Temagami North, formerly known as Goward, is a community comprising part of the municipality of Temagami in Nipissing District, Ontario, Canada. It is a residential subdivision centred on Spruce Drive, about 5 km north of Temagami itself.

In 1924 the post office at Goward was opened to serve the needs of the lumber operation. At its peak, Goward had 36 houses, 3 bunkhouses, a small grocery store, a mill, blacksmith building and a one room school house. The lumber mill closed in 1965. In 1967, the post office was closed, Goward was to be demolished and the land reverted to the crown.

Temagami North is locally known as the "Townsite" because it was created in the 1960s to supply Sherman Mine further south and as a new residential location away from the town of Temagami.
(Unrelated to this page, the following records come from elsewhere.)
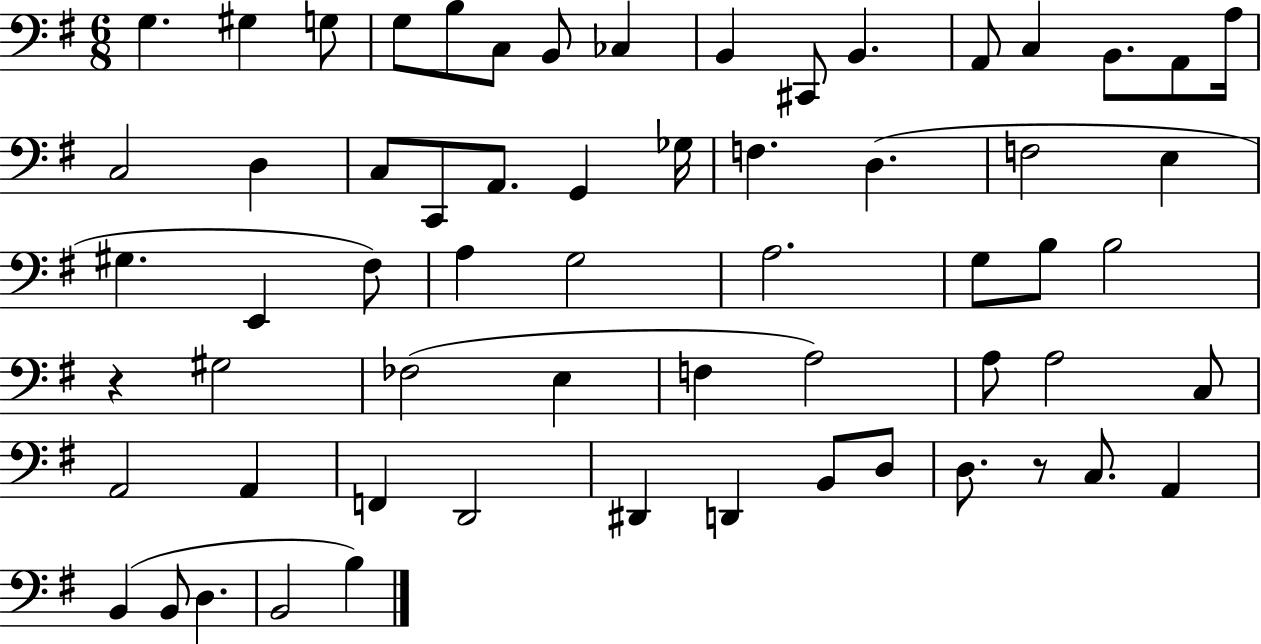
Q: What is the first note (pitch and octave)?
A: G3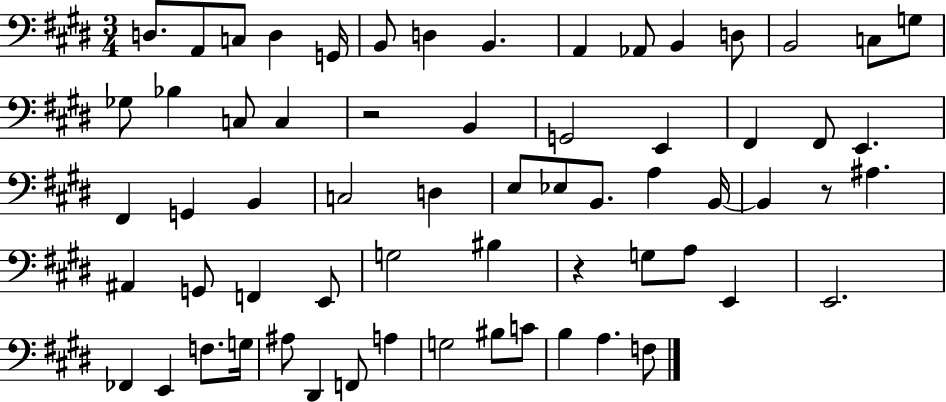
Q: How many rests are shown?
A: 3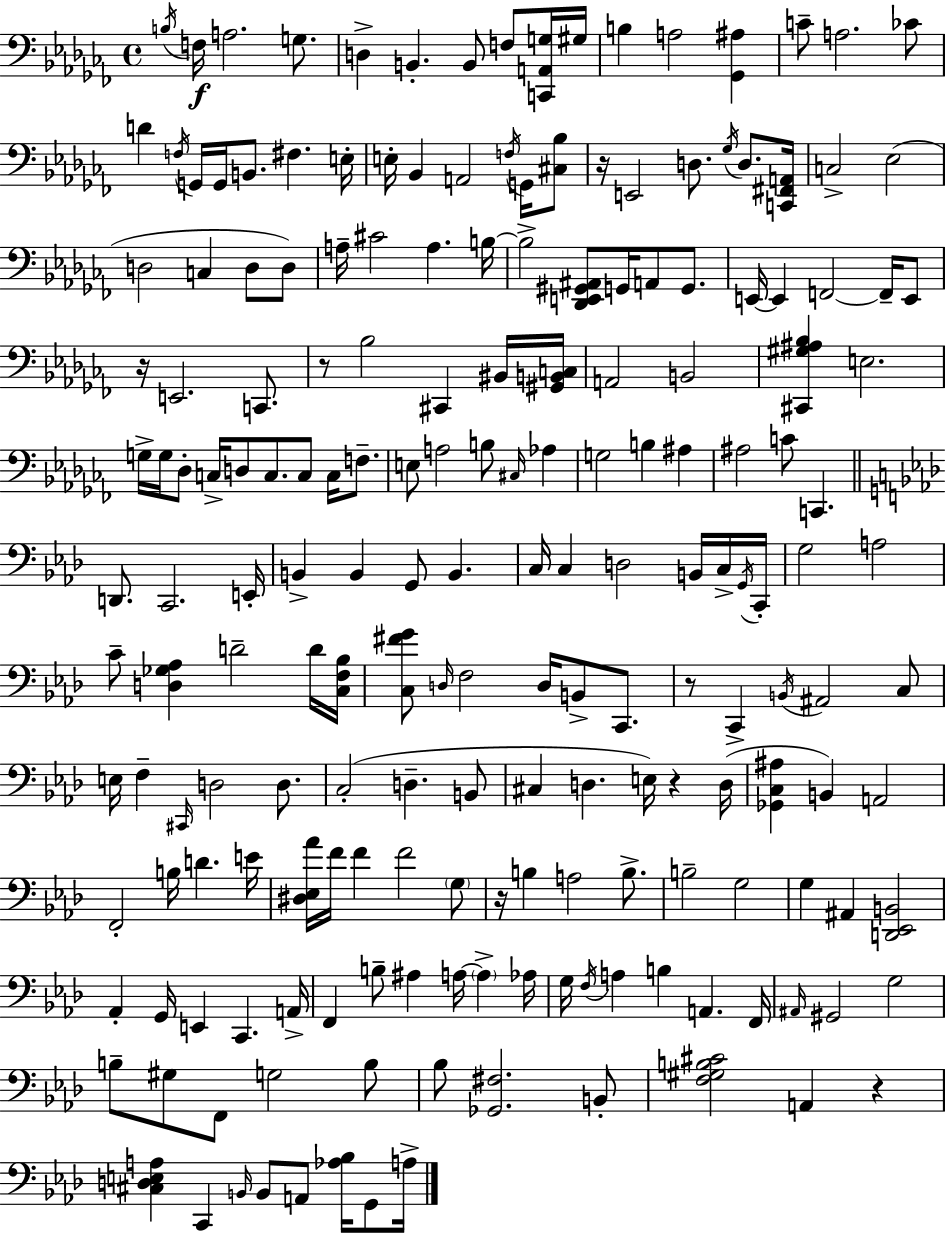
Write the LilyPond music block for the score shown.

{
  \clef bass
  \time 4/4
  \defaultTimeSignature
  \key aes \minor
  \acciaccatura { b16 }\f f16 a2. g8. | d4-> b,4.-. b,8 f8 <c, a, g>16 | gis16 b4 a2 <ges, ais>4 | c'8-- a2. ces'8 | \break d'4 \acciaccatura { f16 } g,16 g,16 b,8. fis4. | e16-. e16-. bes,4 a,2 \acciaccatura { f16 } | g,16 <cis bes>8 r16 e,2 d8. \acciaccatura { ges16 } | d8. <c, fis, a,>16 c2-> ees2( | \break d2 c4 | d8 d8) a16-- cis'2 a4. | b16~~ b2-> <des, e, gis, ais,>8 g,16 a,8 | g,8. e,16~~ e,4 f,2~~ | \break f,16-- e,8 r16 e,2. | c,8. r8 bes2 cis,4 | bis,16 <gis, b, c>16 a,2 b,2 | <cis, gis ais bes>4 e2. | \break g16-> g16 des8-. c16-> d8 c8. c8 | c16 f8.-- e8 a2 b8 | \grace { cis16 } aes4 g2 b4 | ais4 ais2 c'8 c,4. | \break \bar "||" \break \key f \minor d,8. c,2. e,16-. | b,4-> b,4 g,8 b,4. | c16 c4 d2 b,16 c16-> \acciaccatura { g,16 } | c,16-. g2 a2 | \break c'8-- <d ges aes>4 d'2-- d'16 | <c f bes>16 <c fis' g'>8 \grace { d16 } f2 d16 b,8-> c,8. | r8 c,4-> \acciaccatura { b,16 } ais,2 | c8 e16 f4-- \grace { cis,16 } d2 | \break d8. c2-.( d4.-- | b,8 cis4 d4. e16) r4 | d16( <ges, c ais>4 b,4) a,2 | f,2-. b16 d'4. | \break e'16 <dis ees aes'>16 f'16 f'4 f'2 | \parenthesize g8 r16 b4 a2 | b8.-> b2-- g2 | g4 ais,4 <d, ees, b,>2 | \break aes,4-. g,16 e,4 c,4. | a,16-> f,4 b8-- ais4 a16~~ \parenthesize a4-> | aes16 g16 \acciaccatura { f16 } a4 b4 a,4. | f,16 \grace { ais,16 } gis,2 g2 | \break b8-- gis8 f,8 g2 | b8 bes8 <ges, fis>2. | b,8-. <f gis b cis'>2 a,4 | r4 <cis d e a>4 c,4 \grace { b,16 } b,8 | \break a,8 <aes bes>16 g,8 a16-> \bar "|."
}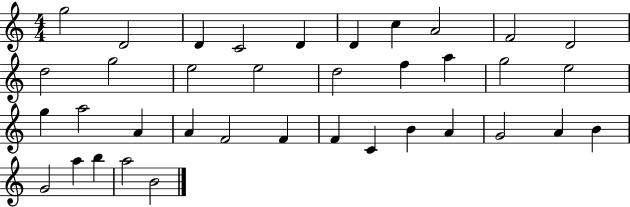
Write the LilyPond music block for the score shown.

{
  \clef treble
  \numericTimeSignature
  \time 4/4
  \key c \major
  g''2 d'2 | d'4 c'2 d'4 | d'4 c''4 a'2 | f'2 d'2 | \break d''2 g''2 | e''2 e''2 | d''2 f''4 a''4 | g''2 e''2 | \break g''4 a''2 a'4 | a'4 f'2 f'4 | f'4 c'4 b'4 a'4 | g'2 a'4 b'4 | \break g'2 a''4 b''4 | a''2 b'2 | \bar "|."
}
Temagami North is surrounded by historic mines. Barton Mine to the north produced molybdenum on a small-scale in 1918 and Norrie Mine on the eastern shore of Net Lake was in development prior to 1920. There are known kimberlite pipes that are considered diamondiferous in the area that could lead to future mining.

Temagami North sits on the western shore of Net Lake, where people can go canoeing, fishing, and boating. The main arena of Temagami is situated near the shore of Net Lake and is used seasonally for hockey and curling. In 2005, the roof of the arena collapsed inward from snow weight during winter.